If it is only the Crimea?

Wednesday 5th March

So, Russia has taken over the Crimea completely.  This was expected after the partial attacks last week on the two airports.  But the great fear now is what next.  Amidst all the diplomacy the strongest message despite all the bluster from Kerry and Hague is to the new government in Kiev, and this is calling for restraint.  The fear is that if the Ukrainians retaliate then this will give the Russians the excuse they need to go further.  The mood is almost one, of – Okay, so the Crimea has gone, it was always a bit of an anomaly for it to be part of the Ukriane anyway, let the Russians take it back but please, please leave the rest of the Ukraine intact.

And the game isn’t over yet at all.  Putin has gambled that the West needs Russian trade and Russian Oil and Gas more than it wants a war.  Crimea was 58% Russian speaking anyway, it was an autonomous region that had always favoured Russia, Russia had its Black Sea fleet harboured there.  So the feeling is really that the Russians can have Crimea but no further.  But that belies the fact that about a third of Ukraine is Russian speaking, probably voted overwhelmingly for Yanukovitch, the ousted President, and there are now counter riots in those Eastern cities of Donetsk and Harkiv.  Also we mustn’t forget that is in the East of the Ukraine where the heavy industry, the gas fields and much of the wealth of the Ukraine lies.

I suspect that Putin will stop for now with the Crimea.  But there will be a standoff, maybe talks with the West, eventually a referendum in Crimea asking for full integration into Russia which of course they will win.  But events may well overtake even this.  If the new (il) legal government in Kiev decides to repress the counter-revolutionary riots in the East this might give Russia the excuse to take these over too.
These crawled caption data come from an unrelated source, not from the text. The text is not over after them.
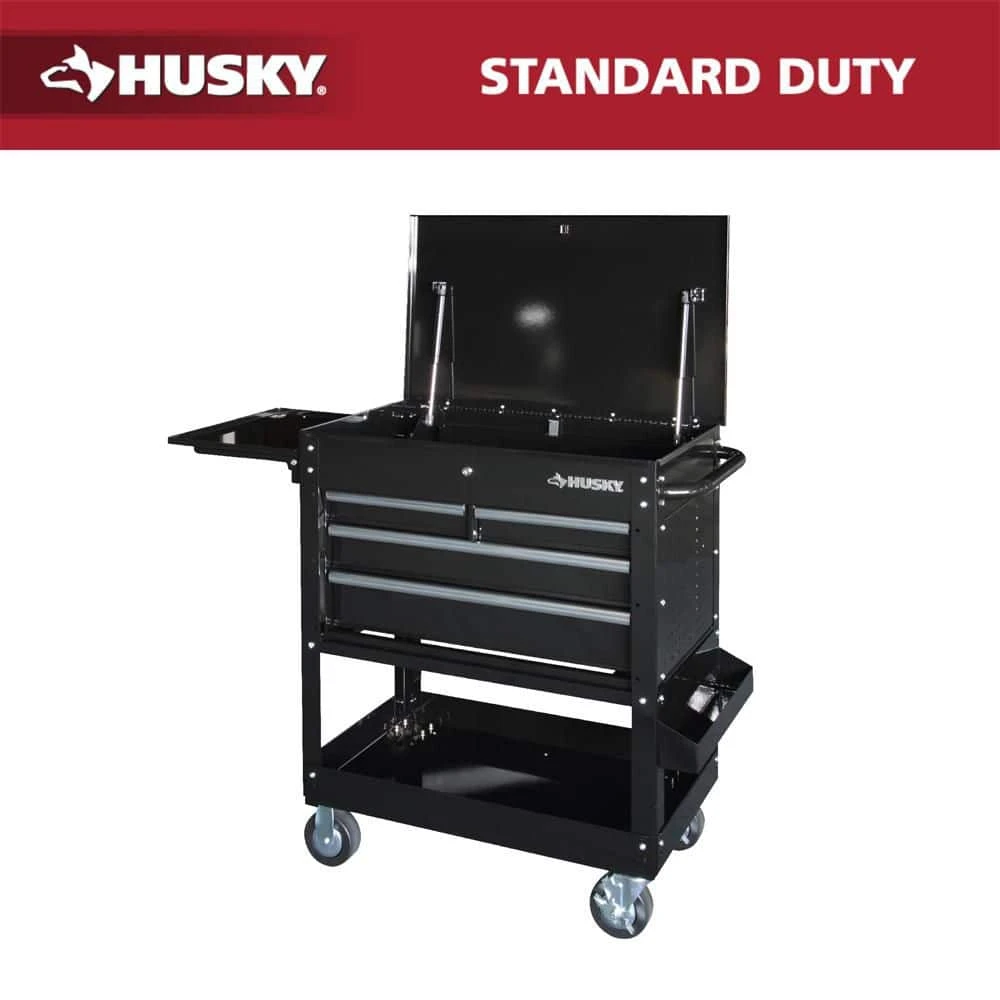 Husky Tool Storage 33 In. W Mechanics Cart With Extended Side Table And Bottle Tray 3 Husky Tool Storage 33 In. W Mechanics Cart With Extended Side Table And Bottle Tray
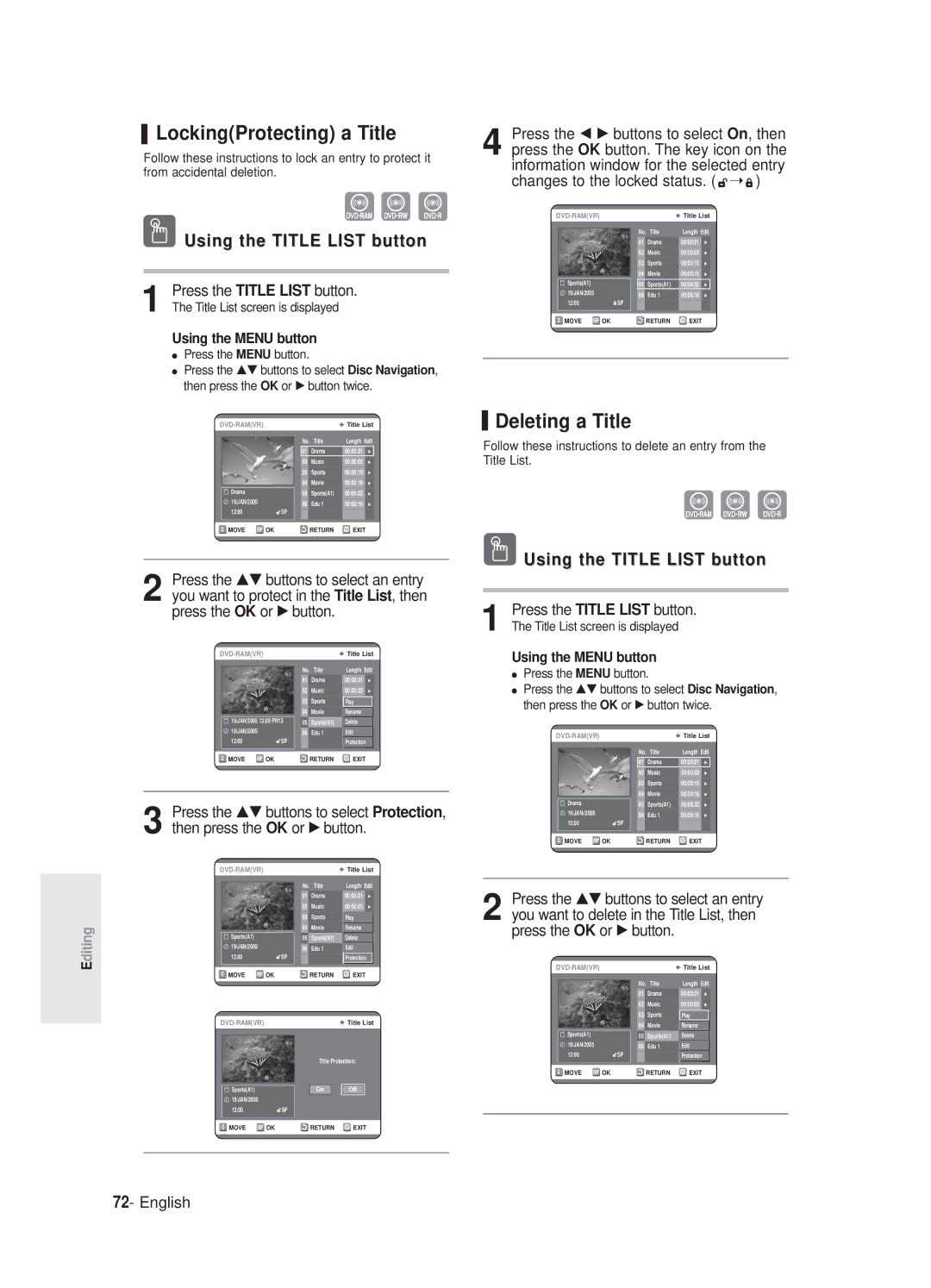 Samsung DVD-R125P, DVD-R125/XEF manual LockingProtecting a Title, Deleting a Title 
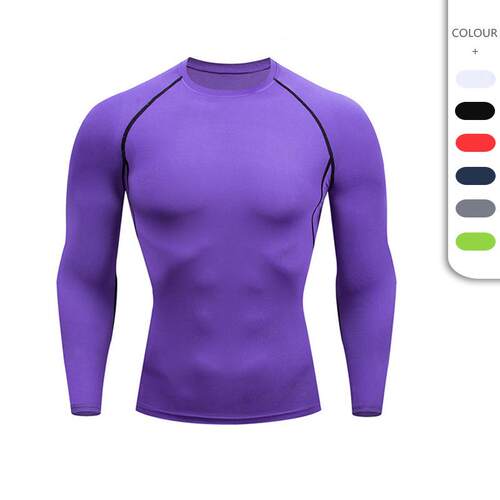 Tight fitting men's long sleeved sports suit top, running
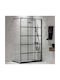 Devon Iwis Decor Walk-in Διαχωριστικό Ντουζιέρας 100x200cm Clean Glass Black Matt
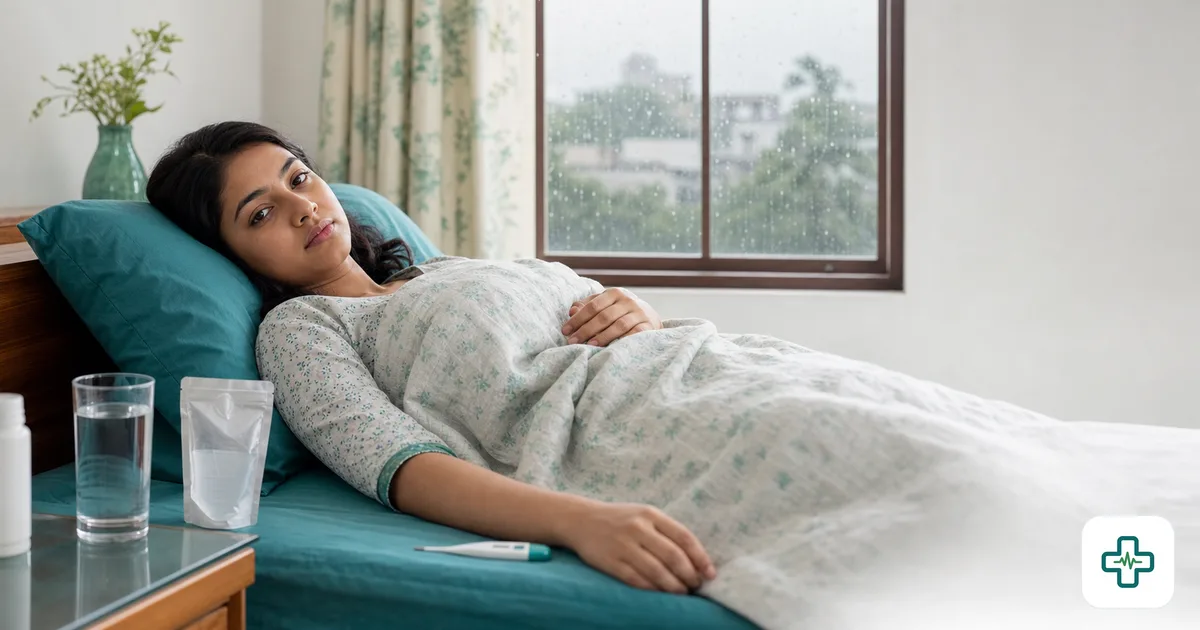 A young woman resting in bed under the monsoon with a thermometer, a glass of water and oral saline on the bedside table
Hitler in 1936 invaded part of Czechoslovakia on the pretext of defending German speaking people.  We let him and look what happened next.  I am in no way advocating war.  We must find a diplomatic and democratic way of allowing all the people of the Ukraine to decide their own future.  But the West must be very wary of helping ‘protestors’ to overthrow foreign governments.  Egypt, Syria and Libya should be warnings enough.  And the argument that you cannot invade another country in the twentieth century seems a bit strange coming from the country that invaded Iraq only eleven years ago.